Weihnachten wird abgeschafft! Es ist nur eine Frage der Zeit! Schreit auf! Viele Christen empören sich in diesen Tagen über einen Beschluss des Berliner Bezirks Friedrichshain-Kreuzberg, der, so titelt die BZ, „Weihnachten verbietet“ . Doch ganz so einfach ist die Sache nicht, und bevor man in große Hysterie einstimmt, sollte man einige Dinge beachten.
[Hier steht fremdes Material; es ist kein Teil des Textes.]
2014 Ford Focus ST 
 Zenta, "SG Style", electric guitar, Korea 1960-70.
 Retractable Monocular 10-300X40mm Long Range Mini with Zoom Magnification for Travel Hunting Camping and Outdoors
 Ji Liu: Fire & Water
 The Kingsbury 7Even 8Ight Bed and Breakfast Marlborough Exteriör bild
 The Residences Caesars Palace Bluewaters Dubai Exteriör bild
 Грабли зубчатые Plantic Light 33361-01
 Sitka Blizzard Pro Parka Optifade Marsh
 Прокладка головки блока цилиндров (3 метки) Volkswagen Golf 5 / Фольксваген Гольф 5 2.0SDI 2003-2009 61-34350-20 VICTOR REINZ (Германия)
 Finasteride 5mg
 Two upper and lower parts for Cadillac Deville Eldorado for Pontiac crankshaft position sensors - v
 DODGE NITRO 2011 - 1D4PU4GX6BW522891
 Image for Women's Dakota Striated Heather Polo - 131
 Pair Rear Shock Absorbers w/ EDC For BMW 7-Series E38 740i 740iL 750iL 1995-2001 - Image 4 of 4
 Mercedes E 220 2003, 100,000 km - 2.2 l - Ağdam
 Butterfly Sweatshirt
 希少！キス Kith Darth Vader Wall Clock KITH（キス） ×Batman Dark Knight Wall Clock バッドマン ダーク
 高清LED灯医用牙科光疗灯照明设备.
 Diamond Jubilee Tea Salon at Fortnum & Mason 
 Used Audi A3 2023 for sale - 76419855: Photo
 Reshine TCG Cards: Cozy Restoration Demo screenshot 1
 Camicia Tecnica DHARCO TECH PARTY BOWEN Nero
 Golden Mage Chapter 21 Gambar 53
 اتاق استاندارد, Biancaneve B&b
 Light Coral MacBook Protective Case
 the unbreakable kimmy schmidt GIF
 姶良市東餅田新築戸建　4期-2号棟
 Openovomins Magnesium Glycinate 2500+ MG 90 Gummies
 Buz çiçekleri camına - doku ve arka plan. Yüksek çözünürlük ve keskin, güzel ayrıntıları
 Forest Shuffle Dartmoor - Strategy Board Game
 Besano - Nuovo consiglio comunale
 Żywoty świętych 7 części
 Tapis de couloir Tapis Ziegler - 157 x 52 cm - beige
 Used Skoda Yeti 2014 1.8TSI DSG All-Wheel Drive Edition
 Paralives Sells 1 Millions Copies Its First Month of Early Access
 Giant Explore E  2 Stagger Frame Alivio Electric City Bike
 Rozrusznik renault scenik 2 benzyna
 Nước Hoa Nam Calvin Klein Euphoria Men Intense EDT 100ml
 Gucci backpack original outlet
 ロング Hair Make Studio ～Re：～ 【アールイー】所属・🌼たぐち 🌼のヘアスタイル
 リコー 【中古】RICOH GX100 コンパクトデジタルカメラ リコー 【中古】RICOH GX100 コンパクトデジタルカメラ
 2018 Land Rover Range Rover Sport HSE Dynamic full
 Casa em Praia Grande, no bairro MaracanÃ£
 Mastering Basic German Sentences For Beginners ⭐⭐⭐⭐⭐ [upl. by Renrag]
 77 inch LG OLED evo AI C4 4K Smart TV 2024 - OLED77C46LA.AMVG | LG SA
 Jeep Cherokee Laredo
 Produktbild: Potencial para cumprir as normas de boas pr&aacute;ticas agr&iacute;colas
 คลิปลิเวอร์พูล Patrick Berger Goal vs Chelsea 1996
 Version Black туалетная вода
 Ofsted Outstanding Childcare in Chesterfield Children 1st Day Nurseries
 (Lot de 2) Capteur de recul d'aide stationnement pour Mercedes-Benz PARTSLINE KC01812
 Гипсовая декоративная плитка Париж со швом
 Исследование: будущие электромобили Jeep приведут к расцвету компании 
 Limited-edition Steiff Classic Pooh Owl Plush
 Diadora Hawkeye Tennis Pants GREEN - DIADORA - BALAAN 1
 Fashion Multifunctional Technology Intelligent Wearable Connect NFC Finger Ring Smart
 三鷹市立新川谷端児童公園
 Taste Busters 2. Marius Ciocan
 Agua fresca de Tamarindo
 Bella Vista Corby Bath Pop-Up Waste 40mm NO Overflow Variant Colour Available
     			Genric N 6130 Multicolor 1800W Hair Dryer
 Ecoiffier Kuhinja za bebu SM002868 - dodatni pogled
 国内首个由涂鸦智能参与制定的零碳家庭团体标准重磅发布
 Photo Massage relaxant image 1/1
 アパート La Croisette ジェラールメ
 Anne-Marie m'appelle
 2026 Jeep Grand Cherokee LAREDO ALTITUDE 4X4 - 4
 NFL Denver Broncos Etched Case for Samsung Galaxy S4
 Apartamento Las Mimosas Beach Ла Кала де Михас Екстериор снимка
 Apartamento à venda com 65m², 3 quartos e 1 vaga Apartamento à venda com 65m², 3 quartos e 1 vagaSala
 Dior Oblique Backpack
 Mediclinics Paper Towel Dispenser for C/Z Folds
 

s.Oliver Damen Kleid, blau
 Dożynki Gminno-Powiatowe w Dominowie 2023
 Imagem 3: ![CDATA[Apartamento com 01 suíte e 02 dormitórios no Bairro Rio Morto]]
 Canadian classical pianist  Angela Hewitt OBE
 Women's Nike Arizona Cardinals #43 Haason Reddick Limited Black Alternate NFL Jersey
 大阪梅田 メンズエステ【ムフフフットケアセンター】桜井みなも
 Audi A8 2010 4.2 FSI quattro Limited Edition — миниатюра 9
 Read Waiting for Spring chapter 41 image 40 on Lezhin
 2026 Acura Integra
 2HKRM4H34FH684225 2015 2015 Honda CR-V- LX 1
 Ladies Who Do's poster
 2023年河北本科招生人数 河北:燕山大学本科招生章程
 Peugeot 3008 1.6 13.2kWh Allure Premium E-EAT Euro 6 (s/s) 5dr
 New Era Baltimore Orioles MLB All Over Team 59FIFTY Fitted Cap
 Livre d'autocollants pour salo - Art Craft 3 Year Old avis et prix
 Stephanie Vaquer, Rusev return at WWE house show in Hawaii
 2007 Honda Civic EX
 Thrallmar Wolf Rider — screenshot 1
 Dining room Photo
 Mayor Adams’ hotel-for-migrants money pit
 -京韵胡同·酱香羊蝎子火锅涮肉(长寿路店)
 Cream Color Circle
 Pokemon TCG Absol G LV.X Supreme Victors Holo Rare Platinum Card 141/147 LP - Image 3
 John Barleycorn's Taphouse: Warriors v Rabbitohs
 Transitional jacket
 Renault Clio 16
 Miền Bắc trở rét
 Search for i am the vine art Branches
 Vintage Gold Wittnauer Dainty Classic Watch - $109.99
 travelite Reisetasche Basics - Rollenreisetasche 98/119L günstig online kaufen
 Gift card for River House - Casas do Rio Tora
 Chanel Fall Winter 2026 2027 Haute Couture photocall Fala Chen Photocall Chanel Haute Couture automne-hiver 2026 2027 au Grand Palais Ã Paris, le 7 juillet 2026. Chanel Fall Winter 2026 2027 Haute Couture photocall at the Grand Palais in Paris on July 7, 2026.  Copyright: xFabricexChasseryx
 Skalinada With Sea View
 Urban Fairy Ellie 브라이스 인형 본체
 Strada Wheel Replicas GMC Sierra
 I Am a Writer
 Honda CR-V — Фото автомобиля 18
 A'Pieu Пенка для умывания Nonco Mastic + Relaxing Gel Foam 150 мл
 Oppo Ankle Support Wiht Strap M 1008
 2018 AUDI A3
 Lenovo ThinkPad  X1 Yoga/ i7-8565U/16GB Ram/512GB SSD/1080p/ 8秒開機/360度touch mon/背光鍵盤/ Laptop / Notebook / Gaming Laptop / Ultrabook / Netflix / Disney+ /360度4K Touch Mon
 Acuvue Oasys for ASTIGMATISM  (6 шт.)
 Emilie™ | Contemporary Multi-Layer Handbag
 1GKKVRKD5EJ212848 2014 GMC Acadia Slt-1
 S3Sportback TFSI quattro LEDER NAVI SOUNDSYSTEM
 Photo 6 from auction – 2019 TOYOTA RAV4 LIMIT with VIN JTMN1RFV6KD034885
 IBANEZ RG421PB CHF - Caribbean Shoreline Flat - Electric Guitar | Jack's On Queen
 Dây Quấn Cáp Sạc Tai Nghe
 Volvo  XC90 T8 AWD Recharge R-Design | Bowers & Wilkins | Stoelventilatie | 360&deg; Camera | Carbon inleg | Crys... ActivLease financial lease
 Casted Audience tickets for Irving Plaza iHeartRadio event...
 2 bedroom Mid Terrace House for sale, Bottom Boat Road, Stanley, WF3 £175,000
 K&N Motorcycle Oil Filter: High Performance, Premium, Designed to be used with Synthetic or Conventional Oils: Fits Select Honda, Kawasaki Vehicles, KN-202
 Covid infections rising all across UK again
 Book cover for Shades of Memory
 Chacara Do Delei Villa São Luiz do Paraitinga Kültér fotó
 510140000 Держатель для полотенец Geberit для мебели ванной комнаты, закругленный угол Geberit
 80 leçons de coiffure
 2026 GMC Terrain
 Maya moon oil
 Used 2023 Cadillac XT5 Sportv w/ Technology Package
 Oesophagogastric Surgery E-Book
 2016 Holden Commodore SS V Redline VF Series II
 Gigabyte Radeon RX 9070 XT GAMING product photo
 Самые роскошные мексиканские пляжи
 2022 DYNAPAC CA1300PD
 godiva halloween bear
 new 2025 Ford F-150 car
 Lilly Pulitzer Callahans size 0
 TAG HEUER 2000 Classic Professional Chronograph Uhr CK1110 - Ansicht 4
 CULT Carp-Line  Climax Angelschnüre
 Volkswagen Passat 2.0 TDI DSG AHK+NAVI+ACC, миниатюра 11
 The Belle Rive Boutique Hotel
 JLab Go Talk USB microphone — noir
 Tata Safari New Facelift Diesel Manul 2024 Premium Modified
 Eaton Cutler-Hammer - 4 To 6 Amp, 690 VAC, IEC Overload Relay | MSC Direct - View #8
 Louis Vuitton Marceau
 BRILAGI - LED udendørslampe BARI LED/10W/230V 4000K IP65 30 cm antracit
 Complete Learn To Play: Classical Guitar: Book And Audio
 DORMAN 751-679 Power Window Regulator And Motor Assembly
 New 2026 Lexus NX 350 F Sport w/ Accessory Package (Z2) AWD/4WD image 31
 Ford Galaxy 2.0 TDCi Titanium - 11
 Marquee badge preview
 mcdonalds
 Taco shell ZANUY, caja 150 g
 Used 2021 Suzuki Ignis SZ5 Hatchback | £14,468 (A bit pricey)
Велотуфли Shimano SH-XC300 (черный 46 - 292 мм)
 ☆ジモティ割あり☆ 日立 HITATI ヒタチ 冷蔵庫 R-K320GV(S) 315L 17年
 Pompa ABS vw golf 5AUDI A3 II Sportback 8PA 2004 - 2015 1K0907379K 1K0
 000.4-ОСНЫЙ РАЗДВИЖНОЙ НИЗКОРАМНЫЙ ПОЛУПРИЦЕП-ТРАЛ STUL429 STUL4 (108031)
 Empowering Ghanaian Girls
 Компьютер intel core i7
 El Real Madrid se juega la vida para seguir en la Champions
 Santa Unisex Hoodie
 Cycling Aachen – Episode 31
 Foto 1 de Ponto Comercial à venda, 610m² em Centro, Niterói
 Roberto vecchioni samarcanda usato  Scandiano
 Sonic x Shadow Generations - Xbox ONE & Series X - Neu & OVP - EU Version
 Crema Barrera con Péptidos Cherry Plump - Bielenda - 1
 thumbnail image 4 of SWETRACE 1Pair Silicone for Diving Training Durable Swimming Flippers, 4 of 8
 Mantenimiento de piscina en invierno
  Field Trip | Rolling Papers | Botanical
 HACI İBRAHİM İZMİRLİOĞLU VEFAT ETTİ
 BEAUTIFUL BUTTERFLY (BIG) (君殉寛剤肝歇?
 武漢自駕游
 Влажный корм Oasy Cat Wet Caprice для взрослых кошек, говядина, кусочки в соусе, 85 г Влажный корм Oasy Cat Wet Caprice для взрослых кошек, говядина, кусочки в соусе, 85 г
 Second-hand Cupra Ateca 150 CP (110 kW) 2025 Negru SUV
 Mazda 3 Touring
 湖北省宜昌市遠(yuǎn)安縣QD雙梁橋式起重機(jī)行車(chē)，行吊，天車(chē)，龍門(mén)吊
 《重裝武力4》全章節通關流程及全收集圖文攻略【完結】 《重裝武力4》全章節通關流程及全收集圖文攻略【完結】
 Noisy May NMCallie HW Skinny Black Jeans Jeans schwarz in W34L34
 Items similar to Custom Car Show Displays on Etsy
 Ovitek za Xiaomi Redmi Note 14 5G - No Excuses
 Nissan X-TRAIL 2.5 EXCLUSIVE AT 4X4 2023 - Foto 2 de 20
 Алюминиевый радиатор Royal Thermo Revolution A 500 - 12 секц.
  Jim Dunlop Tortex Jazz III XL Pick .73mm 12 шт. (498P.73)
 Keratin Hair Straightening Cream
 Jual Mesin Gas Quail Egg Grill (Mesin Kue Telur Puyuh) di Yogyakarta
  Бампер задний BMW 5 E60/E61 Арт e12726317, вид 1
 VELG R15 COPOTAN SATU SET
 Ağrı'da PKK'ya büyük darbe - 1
Der Versuch, alles ein wenig zu sortieren.
1. Die Quellen
Mit Schrecken stelle ich fest, wie unbedacht in dieser Sache auf Webseiten verlinkt wird, ohne deren Seriosität zu überprüfen. Die Folge: ganz unterschwellig wird (siehe Quelle 1) rechtem, wenn nicht sogar ultra-rechtem, Gedankengut Tür und Tor geöffnet. Weshalb? Deshalb:
- Quelle Nr. 1: Indexexpurgatorius’s Blog
Auch ich bin über diesen Blog zum ersten Mal auf die Meldung der BZ gestoßen. Doch sie wird dort nicht bloß verlinkt, sondern auch äußerst polemisch kommentiert. Derzeit ist dieser Blog – so scheint es zumindest bei einem Blick auf meine Facebook-Timeline – der wohl am meisten verlinkte Artikel zu dem Thema. Doch um was für ein Blog handelt es sich? Ich wurde stutzig, als ich darauf aufmerksam wurde, dass dieser Blog zum Weihnachts-Thema offenbar wohlwollend durch pi-news.net verlinkt wurde. Noch stutziger wurde ich, als ich kein Impressum fand, sondern stattdessen, oben links, einen Link: „Per Gesetz gegen GG Art. 3„. Was sich hinter diesem Link verbirgt, ist mehr als befremdlich, falls es ernst gemeint ist:
Auch heute, lange nach dem ersten Zuzug der Gastarbeiter, blickt der Deutsche auf den Migranten noch immer wie auf den armen Verwandten aus dem Tierreich – nur das überhebliche Wohlwollen ist verschwunden. Noch sagt es keiner öffentlich, aber insgeheim glaubt jeder: Die Stinker fressen uns die Haare vom Kopf. […] Deutschland ist am Ende, weil es 6,7 Millionen Arschgeigen an der Backe hat. Ihr Hauptberuf ist Betrügen und Drogenhandel und andere Straftaten, in ihrer Freizeit die Hauptschule schmeißen, Jugendliche abziehen und Rentner verkloppen und wenn sie nicht mindestens genauso viel Valuta kriegen für ihre Faulheit wie Deutsche, die jahrelang in die Sozialsysteme einzahlten, fangen sie an zu drohen und zu randalieren. Das ganze Land haben sie 40 Jahre ausgepresst und mehr die eigene Population verdoppelt als das BIP, und statt jetzt mal umsonst zu Hacke und Spaten zu greifen wie die 45, fliegen sie mit Billigbombern in ihr Ursprungsland und verjuxen ihre Stütze.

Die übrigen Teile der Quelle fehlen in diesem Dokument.